# Plated pistol bullets



## Seneca (Nov 16, 2012)

What is your take on plated bullets. 
I've used them with fairly good success in reloads for target practice. Take for example Berry's plated bullets, you get a 250 count box of bullets (only) that run cost wise anywhere from 25 to35 bucks. 

Smaller bullets 9mm etc. are less larger bullets .45ACP etc. are more. Yet the cost savings over conventional jacketed bullets is considerable and for reloaders on a budget. That's a good thing. Agree!

I've heard they can shed the plating at high velocity or if the crimp is such that it cuts through the 5 to 7 thousandths of an inch plating. I've never had the problem. So I have no first hand knowledge in that regard.

Merry Christmas!
and a Happy new year.


----------



## Chipper (Dec 22, 2012)

You answered your own question. They are great for plinking. Wouldn't relay on them for much else.


----------



## jimb1972 (Nov 12, 2012)

I have been shooting them at targets for years, Berry's mostly. They work well for target shooting and are a very soft lead, I would expect they would expand very well, they splatter off my steel plate more than my hard cast bullets.


----------



## wallyLOZ (May 12, 2013)

Been using plated bullets for practice rounds and plinking. No issues so far. Much cheaper than FMJ or HP. Have not tried any rifle rounds.

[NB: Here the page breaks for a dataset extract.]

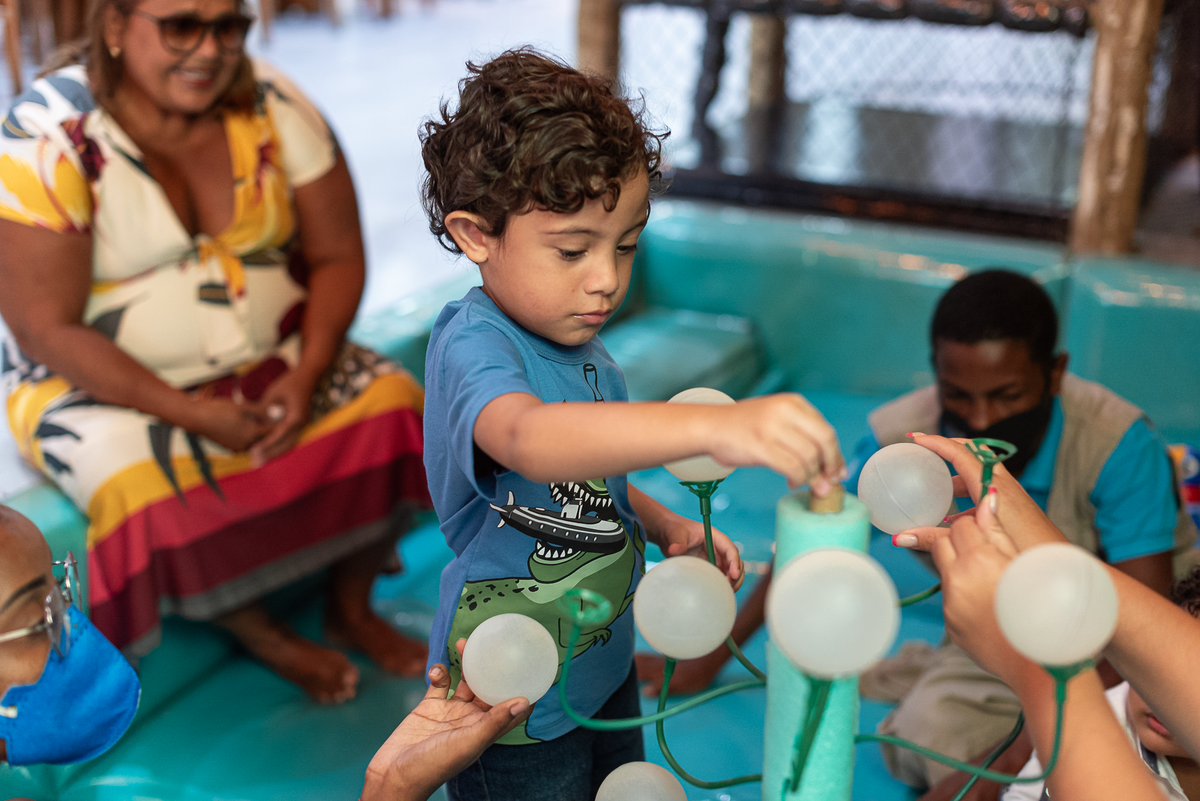 festa-infantil-rj-aniversario-menino-2-anos-tema-decoracao-dinossauros-casa-de-festas-baoba-tijuca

I've also heard they can shed the plating, but haven't experienced it or had a problem with fouling the barrel. I tend to load on the light side of the reccomended charge for practice. Berry's website says to never exceed 1250fps or about 900fps for a 45ACP.


----------



## Piratesailor (Nov 9, 2012)

Excellent for plinking and target use.


----------



## Infidel (Dec 22, 2012)

I've had great luck with plated bullets in .45ACP. I've used Rainier bullets a couple times and they are accurate in my 1911 and also in my friends XD. Not sure I would want to stake my life on them but I suppose in a pinch they would probably do the job.

-Infidel


----------



## AquaHull (Jun 10, 2012)

Plated bullets get treated the same as lead, very little to no crimp, and for gosh sakes leave the Lee Factory Crimp in the case in a drawer.


----------



## AquaHull (Jun 10, 2012)

Thinking of plated bullets, this is all I use now,I wait for a 10,15 or 17% off sale like the 10% one going now. I also use the 224 55gr FMJBT with good results

X-Treme Bullets the finest hard-cast bullets and plated bullets money can buy

ETA-It looks like the 10 off sale put a hurtin' on their supply


----------



## BamaBoy101 (Dec 9, 2013)

jimb1972 said:


> I have been shooting them at targets for years, Berry's mostly. They work well for target shooting and are a very soft lead, I would expect they would expand very well, they splatter off my steel plate more than my hard cast bullets.


I shoot high pressure loads and they tend to deform and loose accuracy.


----------



## Seneca (Nov 16, 2012)

I'm mostly looking at plated bullets as an alternative to using cast lead bullets because they are easier to clean up after a shooting session and also to save money over jacketed bullets.


----------